Si hablamos de desaparición forzada, estamos ante más de 70.000 casos, en muchos de los cuales el Estado está bajo sospecha. La práctica sistemática de la desaparición y de la ejecución extrajudicial tiene a Colombia sancionada en tribunales colombianos, en la Corte Interamericana y, posiblemente, en La Haya. Colombia tendrá que responder no solo en la mesa de negociaciones, sino también ante los tribunales por crímenes de guerra y de lesa humanidad muy graves. El Estado no puede aparecer solo como víctima porque ha sido una parte. Decir que solo la guerrilla ha violado derechos humanos es creer que medio millón de hombres armados por el Estado son ángeles.
¿Cómo percibe la tercera fase de este diálogo?
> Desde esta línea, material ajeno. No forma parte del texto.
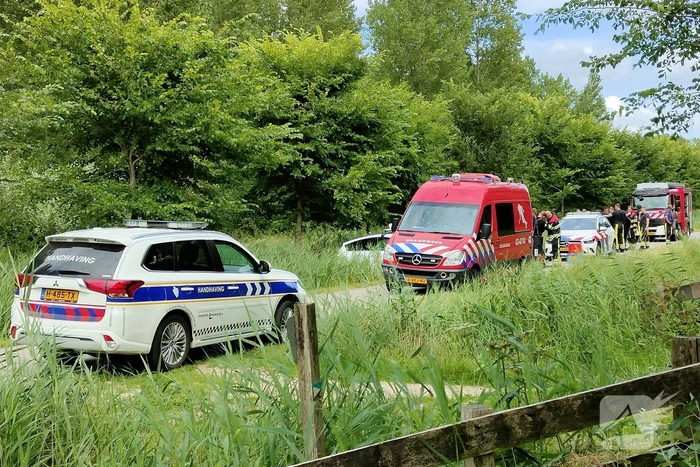 Vrouw rijdt met driewieler de sloot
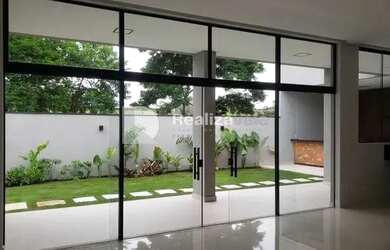 Imagem: A casa possui 3 Dormitórios, 4 Banheiros, 4 Vagas na garagem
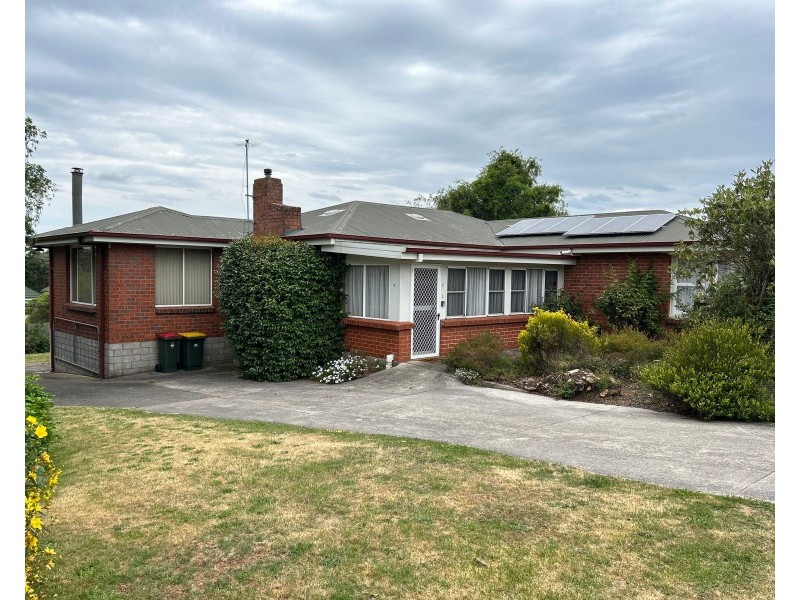 7 Best Street, Deloraine TAS 7304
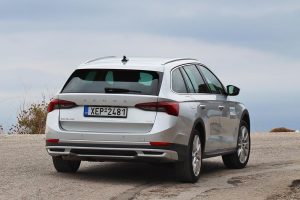 Skoda-Octavia-2.0-TDI-Scout-(6)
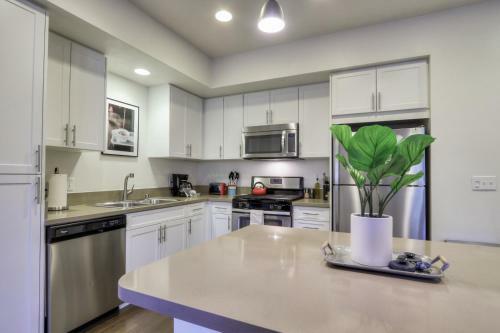 Urban Flat Apartments @ Heart Of Silicon Valley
Quiero verla en positivo. Lo deseable es que, finalmente, se pueda hacer política sin necesidad de recurrir a medios como a los que ha tenido que recurrir un sector del campesinado. Es lamentable que no haya espacios políticos y que sea tan difícil construir espacios para opciones políticas distintas a las del bipartidismo. Ese es, justamente, el reto. Hay que construir una sociedad donde no haya exclusiones ni por razones económicas ni políticas. Pero creo que va a ser muy difícil teniendo en cuenta la cultura intolerante impuesta desde las élites, según la cual solo puede haber dos partidos con un mismo modelo económico. Lo difícil es que las élites y el Estado se reinserten a la idea de que esto es una democracia y que se puede hacer política sin masacrar a los demás y sin despojarlos de los básico para vivir. No solo hay que reinsertar a los guerrilleros, sino también a esa élite del país que usa métodos no propios de un Estado de Derecho.
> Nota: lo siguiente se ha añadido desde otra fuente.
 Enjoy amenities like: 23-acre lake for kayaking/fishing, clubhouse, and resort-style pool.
Si vencemos el miedo a participar en el diálogo, seguramente lograremos volcarnos en una etapa post-conflicto en la que la guerrilla se pueda acomodar y tener un espacio político. El diálogo, aunque sea en medio del riesgo y el peligro, es el único camino. Debemos organizarnos para dialogar; no nos quedemos sentados esperando a que quienes generaron la guerra nos llamen a conversar. Y hay que dialogar con la mente puesta en un proceso de paz y no como una estratagema para seguir la escalada de violencia. Hay que enfrentar la guerra y el modelo neoliberal, al cual la violencia le ha sido muy funcional.
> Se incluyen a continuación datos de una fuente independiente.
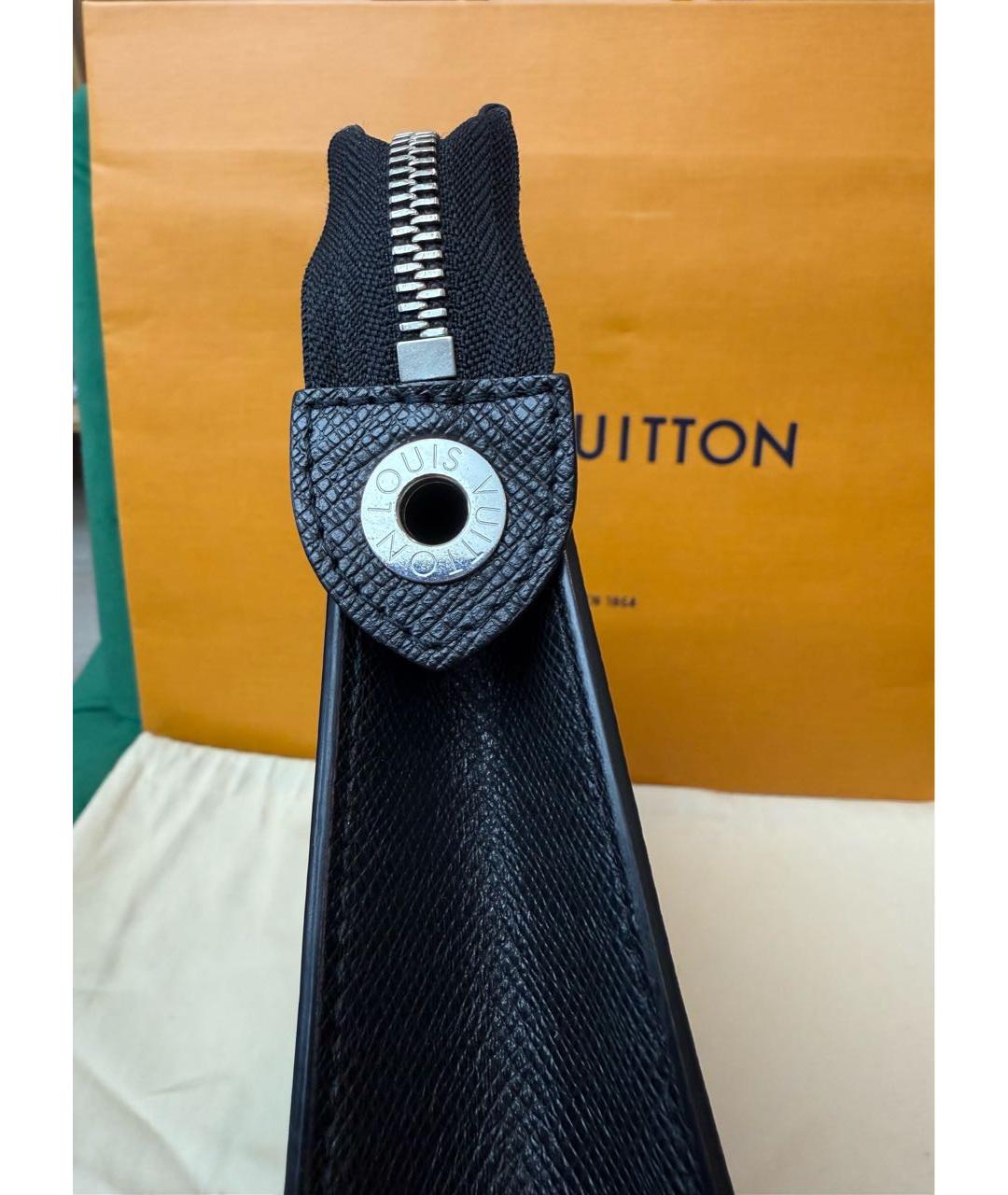 LOUIS VUITTON Черная кожаная барсетка, фото 4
¿En qué momento se encuentra el fenómeno del paramilitarismo?
El Gobierno de Uribe hizo una farsa con la desmovilización de los grupos paramilitares, de la que fueron testigos la OEA y algunos países que estuvieron acompañando ese proceso y que no dijeron nada cuando nosotros alertamos. Avisamos de que simplemente estaban cambiando de nombre o de mandos, pero no habían renunciado a la concepción de aliados secretos de la fuerza pública ni de mano de obra para el terror de los empresarios, ni de instrumentos de control político de la población. Hay pruebas de organismos internacionales y víctimas que señalan que el paramilitarismo sigue siendo una estrategia muy viva y protegida. El excoronel israelí Yair Klein, que asesoró en métodos de terror a la mafia colombiana y a sectores de la Inteligencia militar, ha declarado que fue a Colombia a invitación de altos empresarios y que el Gobierno sabía que iba a montar grupos paramilitares y que quien le pagó y ayudó a moverse fue un expresidente. Hemos sabido de mercenarios de otros países que han estado en Colombia organizando mecanismos de terror para generar una situación parecida a la de Palestina; ocupar territorios ajenos, aterrorizar, decir que ellos son los buenos y los nativos los malos, y quedarse con las tierras y las riquezas. El paramilitarismo debe estar en la mesa de La Habana porque queremos saber si el Estado delinquió o no. Y el Estado debe saber qué empresas y qué políticos se beneficiaron del terror. A.L.